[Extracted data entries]
::::::

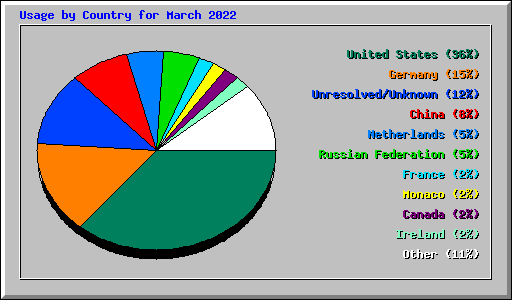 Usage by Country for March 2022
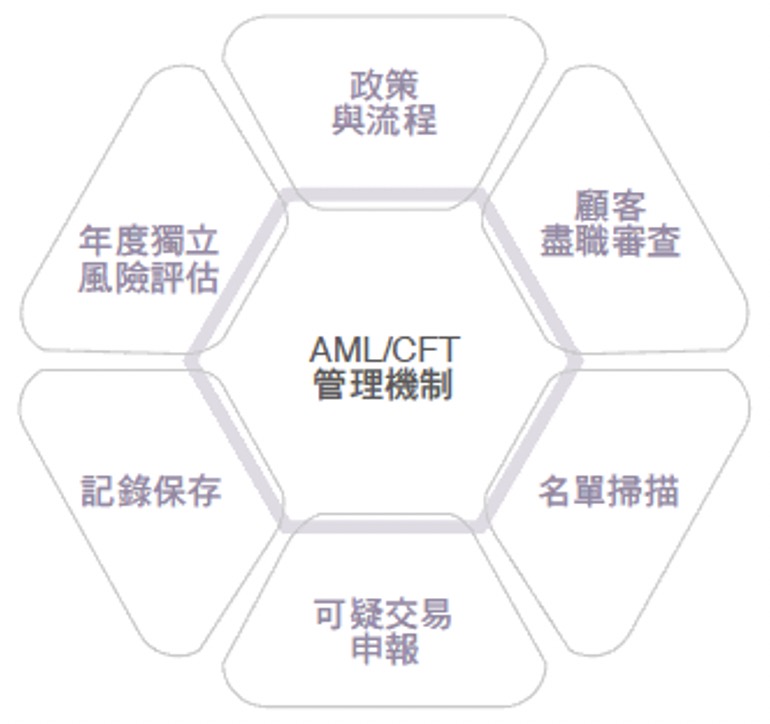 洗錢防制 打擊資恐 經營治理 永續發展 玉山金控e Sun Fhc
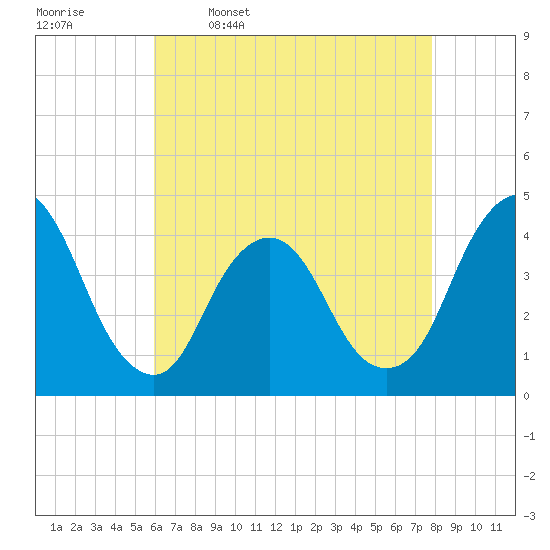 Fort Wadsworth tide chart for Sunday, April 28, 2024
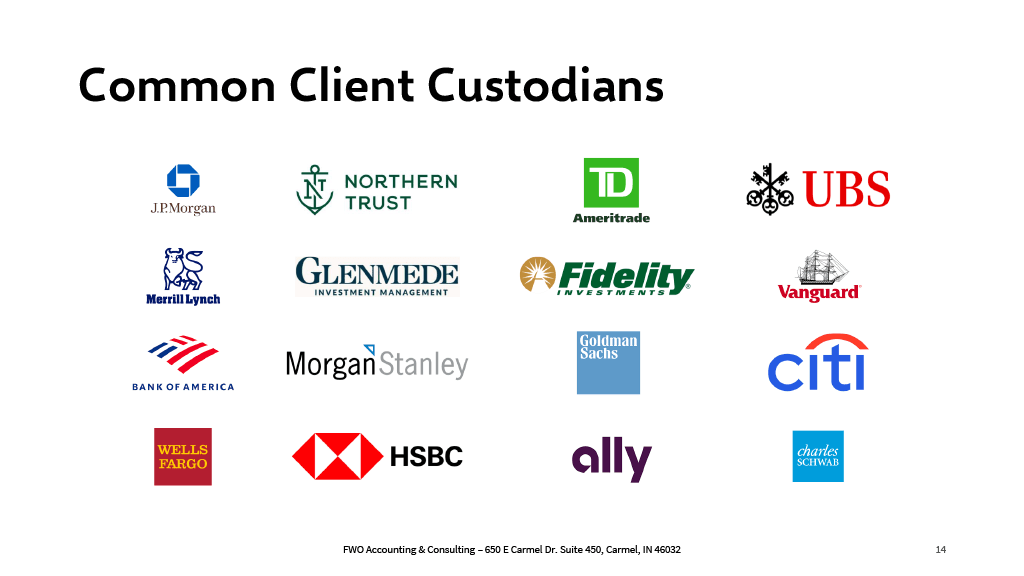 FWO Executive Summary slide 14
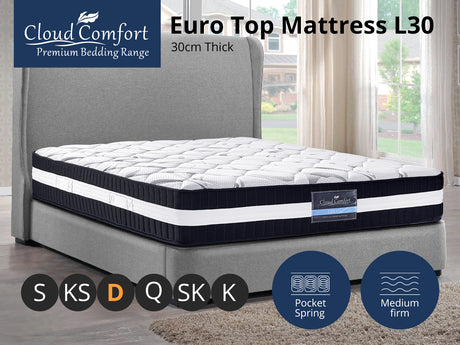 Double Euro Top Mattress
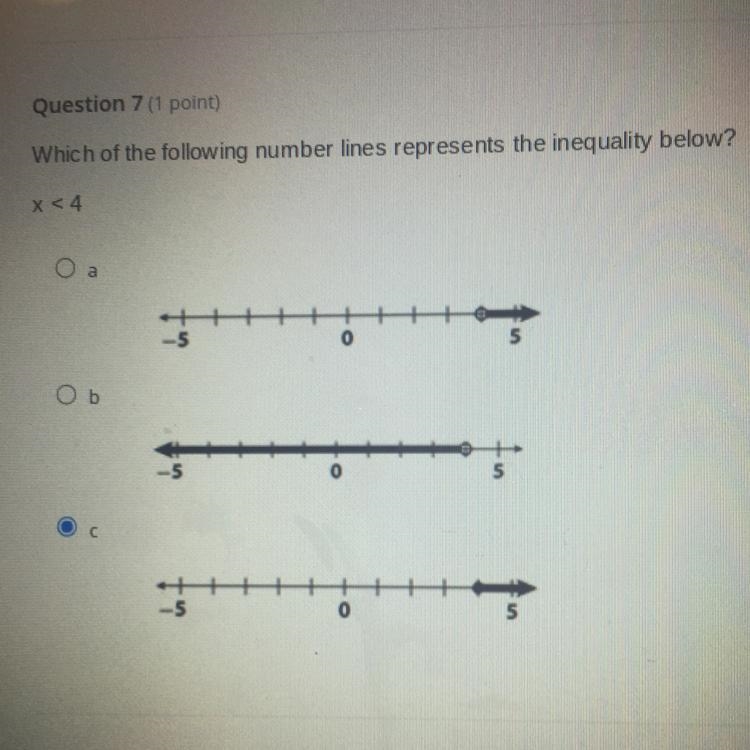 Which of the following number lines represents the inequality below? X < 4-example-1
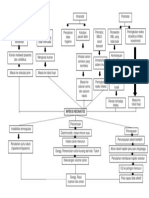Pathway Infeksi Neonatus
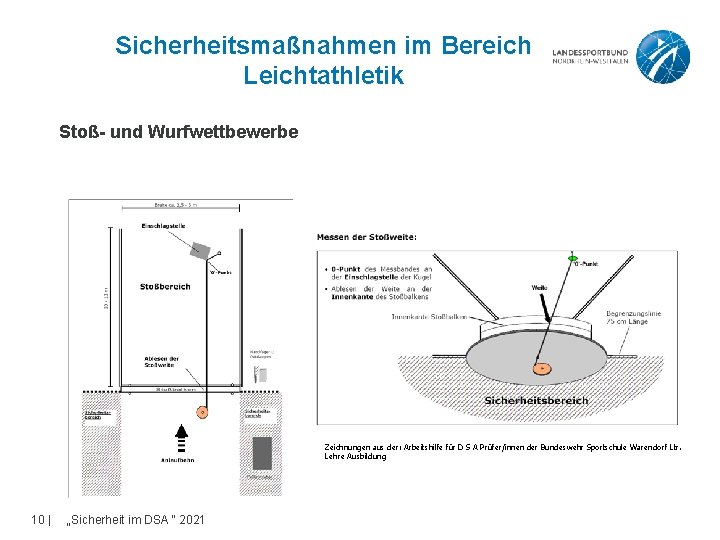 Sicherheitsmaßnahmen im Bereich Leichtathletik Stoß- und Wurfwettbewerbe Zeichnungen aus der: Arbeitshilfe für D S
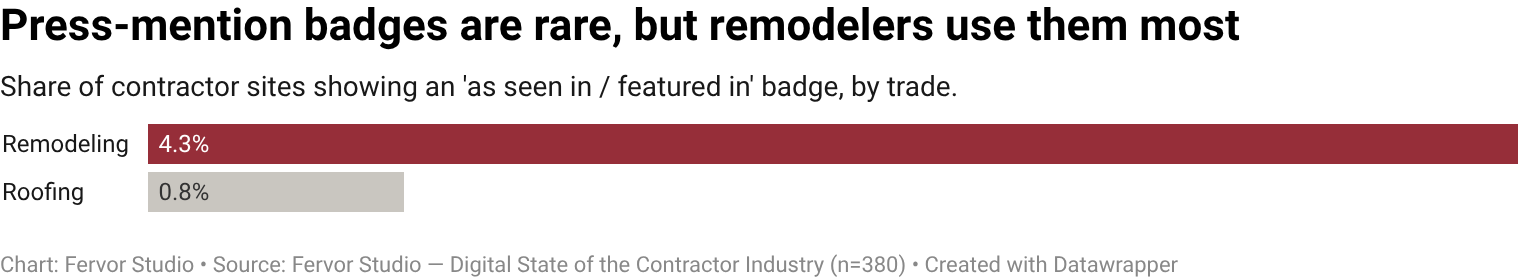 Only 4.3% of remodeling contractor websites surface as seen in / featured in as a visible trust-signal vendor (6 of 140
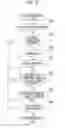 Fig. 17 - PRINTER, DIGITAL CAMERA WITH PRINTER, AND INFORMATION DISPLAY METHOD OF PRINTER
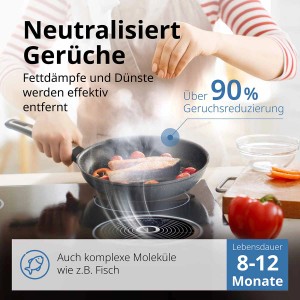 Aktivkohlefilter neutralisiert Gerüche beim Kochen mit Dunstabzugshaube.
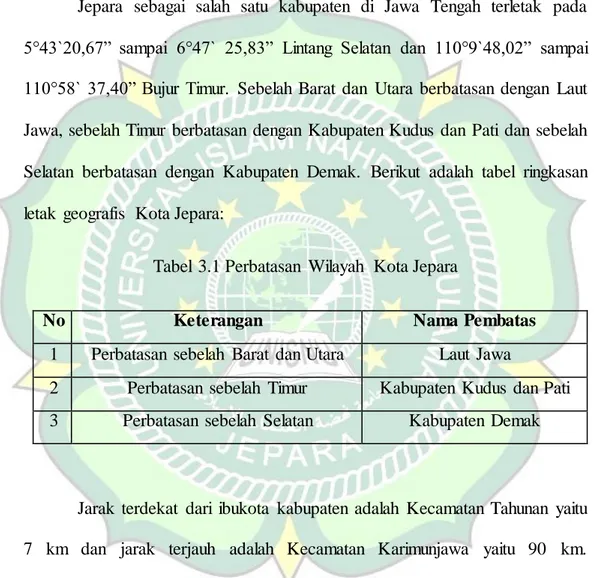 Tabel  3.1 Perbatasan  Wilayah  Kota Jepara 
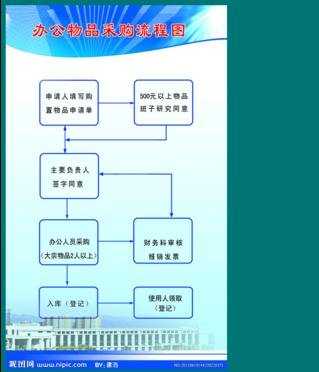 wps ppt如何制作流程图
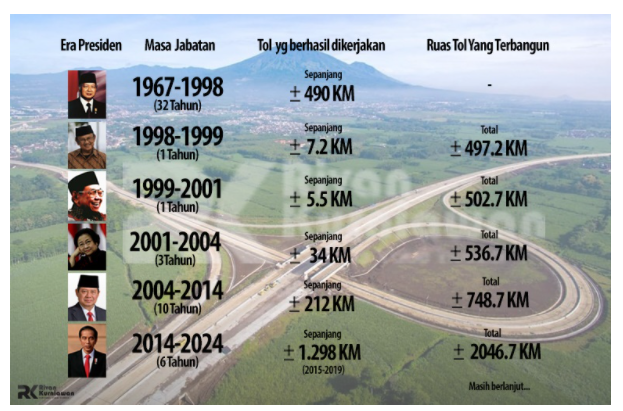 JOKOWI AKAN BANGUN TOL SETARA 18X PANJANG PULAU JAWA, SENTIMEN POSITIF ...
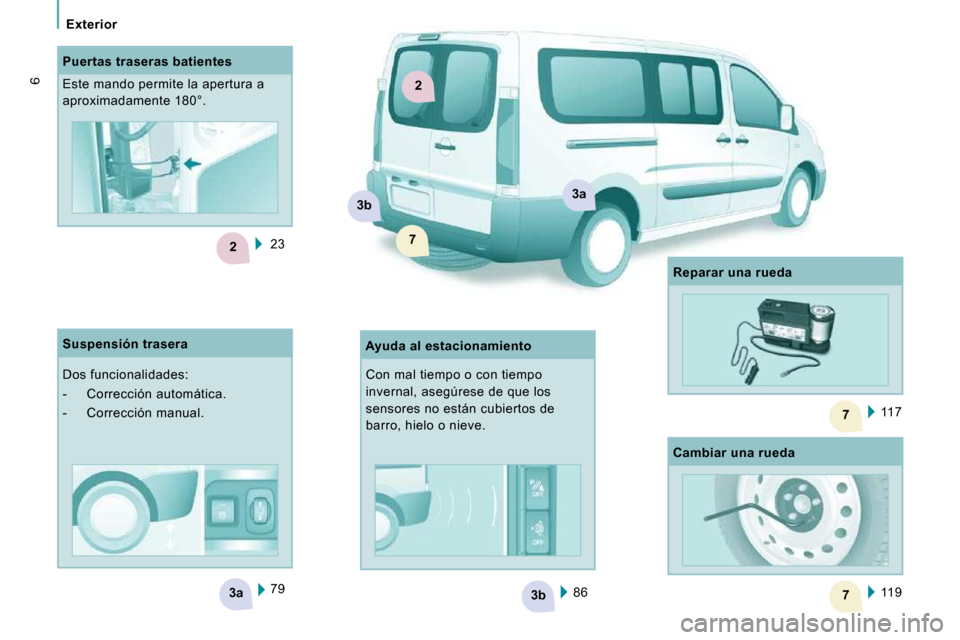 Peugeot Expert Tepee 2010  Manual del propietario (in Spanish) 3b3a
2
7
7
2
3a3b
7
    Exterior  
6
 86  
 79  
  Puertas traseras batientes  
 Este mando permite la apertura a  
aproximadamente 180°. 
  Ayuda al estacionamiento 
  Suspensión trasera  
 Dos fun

::::::

◆ What needs to be done: Return the entries unchanged, save for the pictures, which do not belong in the copy.

◆ Finished task:
 Usage by Country for March 2022
 洗錢防制 打擊資恐 經營治理 永續發展 玉山金控e Sun Fhc
 Fort Wadsworth tide chart for Sunday, April 28, 2024
 FWO Executive Summary slide 14
 Double Euro Top Mattress
 Which of the following number lines represents the inequality below? X < 4-example-1
Pathway Infeksi Neonatus
 Sicherheitsmaßnahmen im Bereich Leichtathletik Stoß- und Wurfwettbewerbe Zeichnungen aus der: Arbeitshilfe für D S
 Only 4.3% of remodeling contractor websites surface as seen in / featured in as a visible trust-signal vendor (6 of 140
 Fig. 17 - PRINTER, DIGITAL CAMERA WITH PRINTER, AND INFORMATION DISPLAY METHOD OF PRINTER
 Aktivkohlefilter neutralisiert Gerüche beim Kochen mit Dunstabzugshaube.
 Tabel  3.1 Perbatasan  Wilayah  Kota Jepara 
 wps ppt如何制作流程图
 JOKOWI AKAN BANGUN TOL SETARA 18X PANJANG PULAU JAWA, SENTIMEN POSITIF ...
 Peugeot Expert Tepee 2010  Manual del propietario (in Spanish) 3b3a
2
7
7
2
3a3b
7
    Exterior  
6
 86  
 79  
  Puertas traseras batientes  
 Este mando permite la apertura a  
aproximadamente 180°. 
  Ayuda al estacionamiento 
  Suspensión trasera  
 Dos fun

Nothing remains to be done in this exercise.